This module provides utility functions that are used within dhis2.py
"""

from csv import DictReader
import json
import os
import re
import random
import string
from typing import Collection, Optional, Union, Generator
from pathlib import Path

from pygments import highlight
from pygments.lexers.data import JsonLexer
from pygments.formatters.terminal import TerminalFormatter

from .exceptions import ClientException


def load_csv(
    path: Union[str, os.PathLike, Path], delimiter: str = ","
) -> Generator[dict, dict, None]:
    """
    Load CSV file from path and yield CSV rows

    Usage:

    for row in load_csv('/path/to/file'):
        print(row)
    or
    list(load_csv('/path/to/file'))

    :param path: file path
    :param delimiter: CSV delimiter
    :return: a generator where __next__ is a row of the CSV
    """
    try:
        with open(path, "r") as csvfile:
            reader = DictReader(csvfile, delimiter=delimiter)
            for row in reader:
                yield row
    except (OSError, IOError):
        raise ClientException("File not found: {}".format(path))

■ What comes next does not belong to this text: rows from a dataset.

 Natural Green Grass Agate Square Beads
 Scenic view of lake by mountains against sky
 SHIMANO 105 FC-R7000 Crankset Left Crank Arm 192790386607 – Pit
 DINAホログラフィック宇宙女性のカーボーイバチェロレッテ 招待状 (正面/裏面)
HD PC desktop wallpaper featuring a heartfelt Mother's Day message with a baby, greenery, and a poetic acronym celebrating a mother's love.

def load_json(path: Union[str, os.PathLike, Path]) -> dict:
    """
    Load JSON file from path
    :param path: file path
    :return: A Python object (e.g. a dict)
    """
    try:
        with open(path, "r") as json_file:
            return json.load(json_file)
    except (OSError, IOError):
        raise ClientException("File not found: {}".format(path))

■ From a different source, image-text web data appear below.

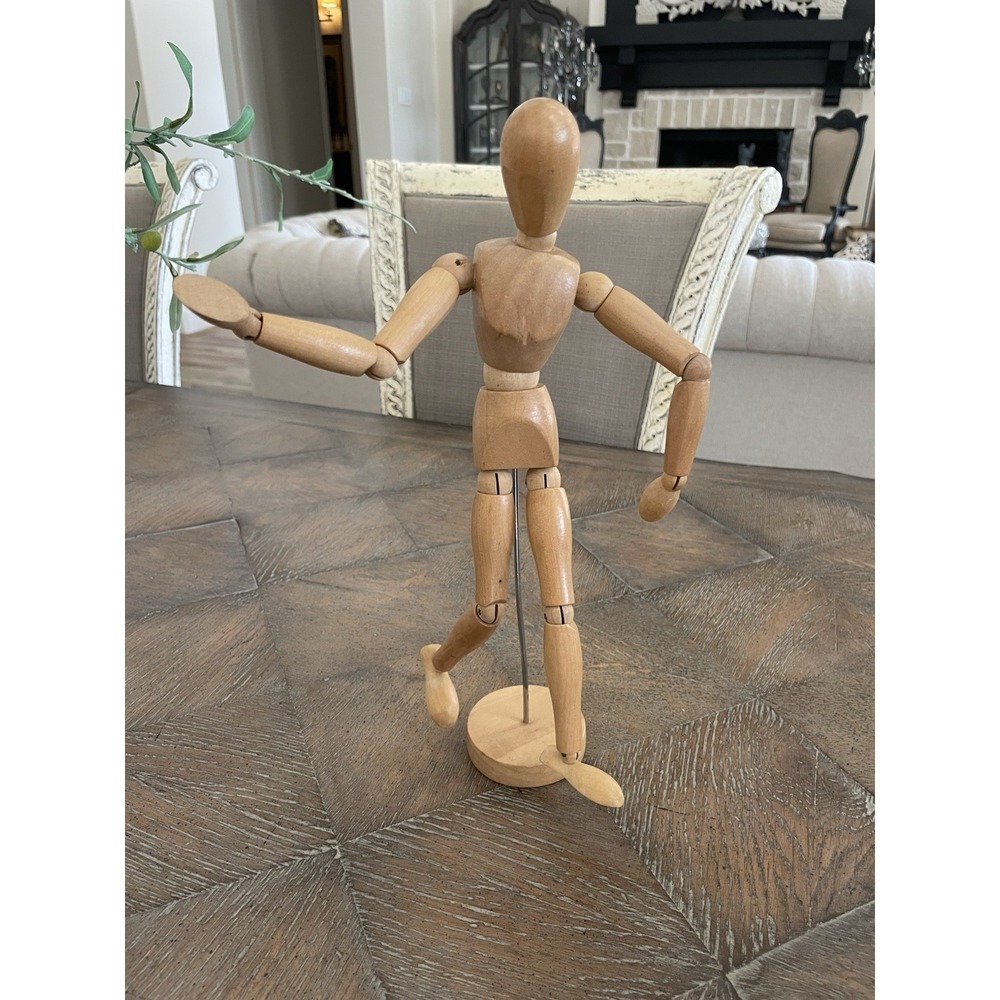 Vtg  Artist Model Posable Jointed Articulated‎ Figure Sketch Natural Wood 13"
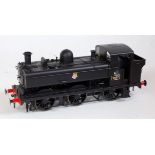 Minerva Models BR black 57XX ex GWR pannier tank as BR 4612 glue mark around number plates on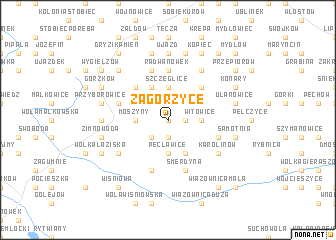 map of Zagórzyce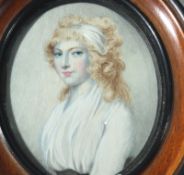 A good Portrait Miniature painting after Cosway C. Early 19thC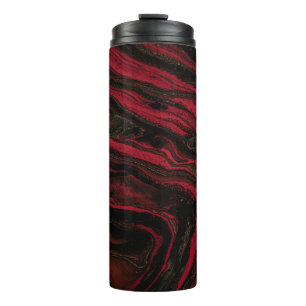 Garrafa Térmica Pintura de abstrato vermelho e preto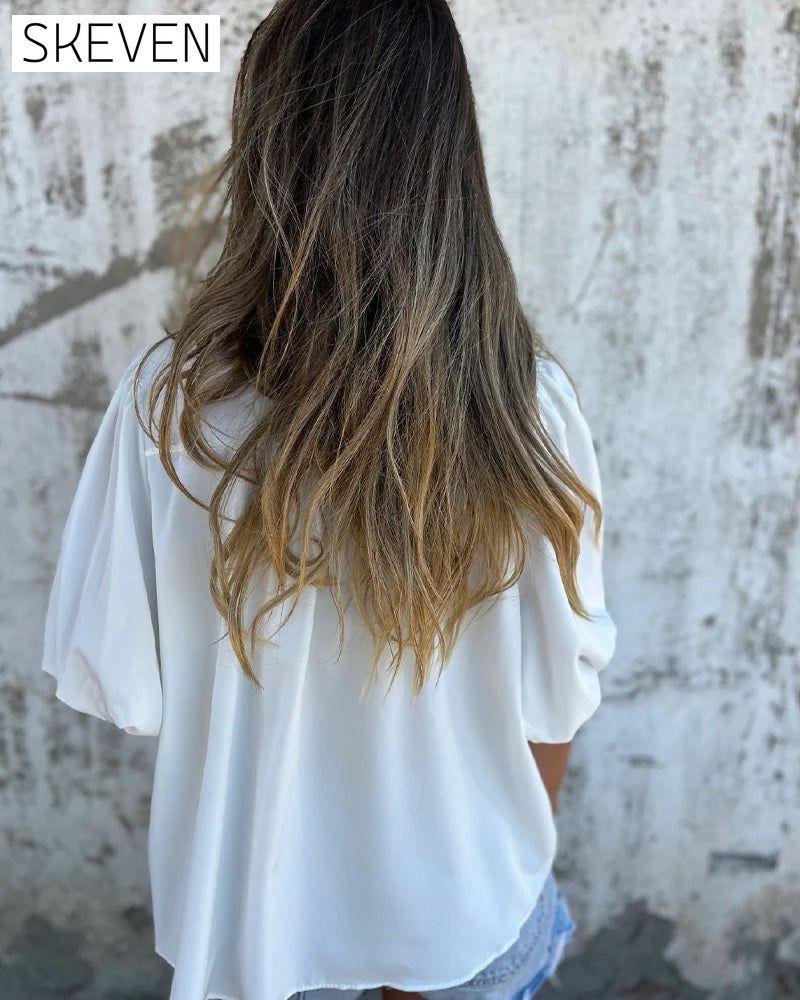 Casual Fashion Short Sleeve Solid Color Blouse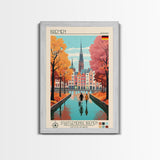 Bremen Germany Travel Poster Framed Canvas Print, Midcentury Modern Art, Pop Art Wall Decor, Home Decor, Vacation Gift, Living Room Art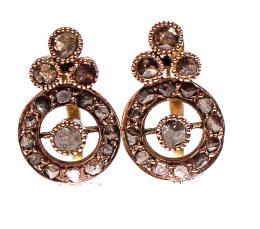 145 - PENDIENTES ORO Y DIAMANTES S. XIX
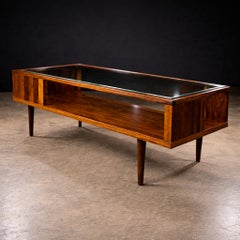 Moderner brasilianischer Couchtisch aus Hartholz und Glas, Carlo Hauner, 1950er Jahre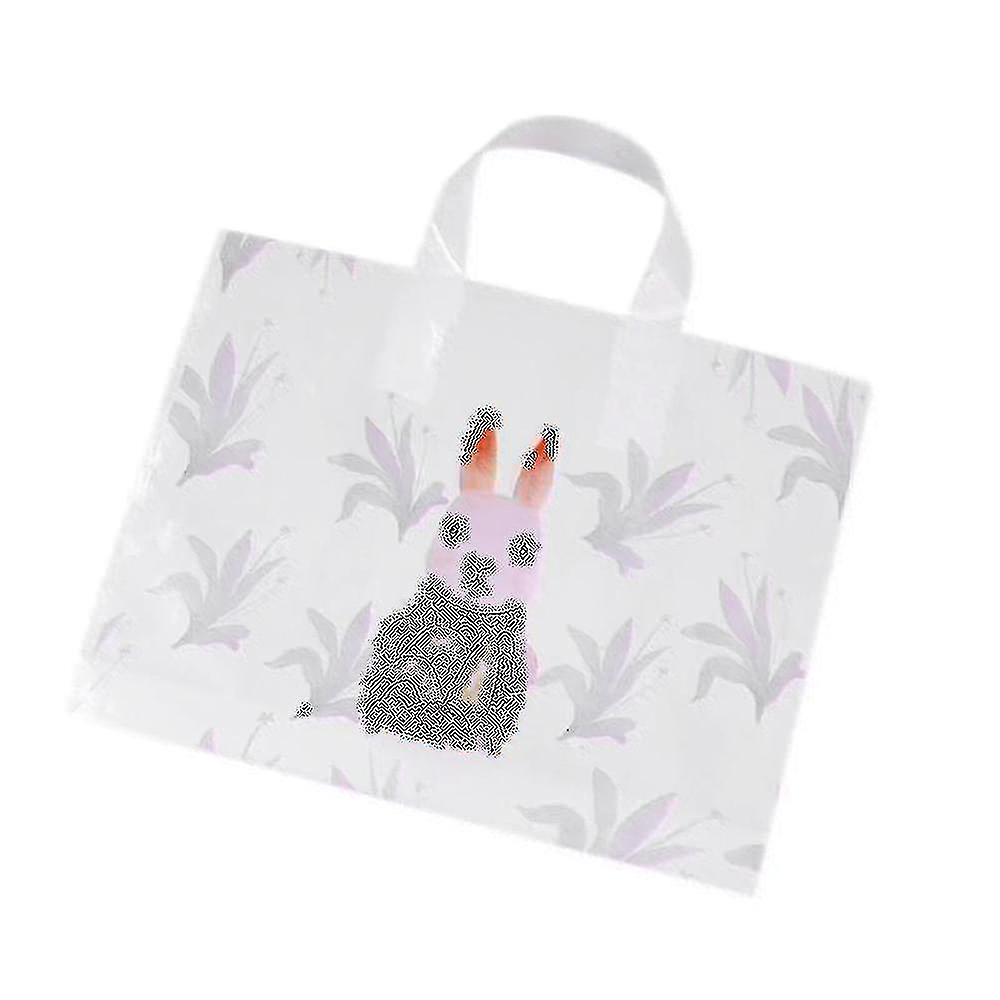 50pcs Thicker Large Plastic Bag Rabbit Pattern With Handles Bag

def partition_payload(data: dict, key: str, thresh: int) -> Generator[dict, dict, None]:
    """
    Yield partitions of a payload

    e.g. with a threshold of 2:

    { "dataElements": [1, 2, 3] }
    -->
    { "dataElements": [1, 2] }
       and
    { "dataElements": [3] }

    :param data: the payload
    :param key: the key of the dict to partition
    :param thresh: the maximum value of a chunk
    :return: a generator where __next__ is a partition of the payload
    """
    data = data[key]
    for i in range(0, len(data), thresh):
        yield {key: data[i : i + thresh]}


def search_auth_file(filename: str = "dish.json") -> str:
    """
    Search filename in
    - A) DHIS_HOME (env variable)
    - B) current user's home folder
    :param filename: the filename to search for
    :return: full path of filename
    """
    if "DHIS_HOME" in os.environ:
        return os.path.join(os.environ["DHIS_HOME"], filename)
    else:
        home_path = os.path.expanduser(os.path.join("~"))
        for root, dirs, files in os.walk(home_path):
            if filename in files:
                return os.path.join(root, filename)
    raise ClientException(
        "'{}' not found - searched in $DHIS_HOME and in home folder".format(filename)
    )


def version_to_int(value: str) -> Optional[int]:
    """
    Convert version info to integer
    :param value: the version received from system/info, e.g. "2.28"
    :return: integer from version, e.g. 28, None if it couldn't be parsed
    """
    # remove '-SNAPSHOT'
    value = value.replace("-SNAPSHOT", "")
    # remove '-RCx'
    if "-RC" in value:
        value = value.split("-RC", 1)[0]
    try:
        return int(value.split(".")[1])
    except (ValueError, IndexError):
        return None


def generate_uid() -> str:
    """
    Create DHIS2 UID matching to Regex
    ^[A-Za-z][A-Za-z0-9]{10}$
    :return: UID string
    """
    # first must be a letter
    first = random.choice(string.ascii_letters)
    # rest must be letters or numbers
    rest = "".join(
        random.choice(string.ascii_letters + string.digits) for _ in range(10)
    )
    return first + rest


def is_valid_uid(uid: str) -> bool:
    """
    :return: True if it is a valid DHIS2 UID, False if not
    """
    pattern = r"^[A-Za-z][A-Za-z0-9]{10}$"
    if not isinstance(uid, str):
        return False
    return bool(re.compile(pattern).match(uid))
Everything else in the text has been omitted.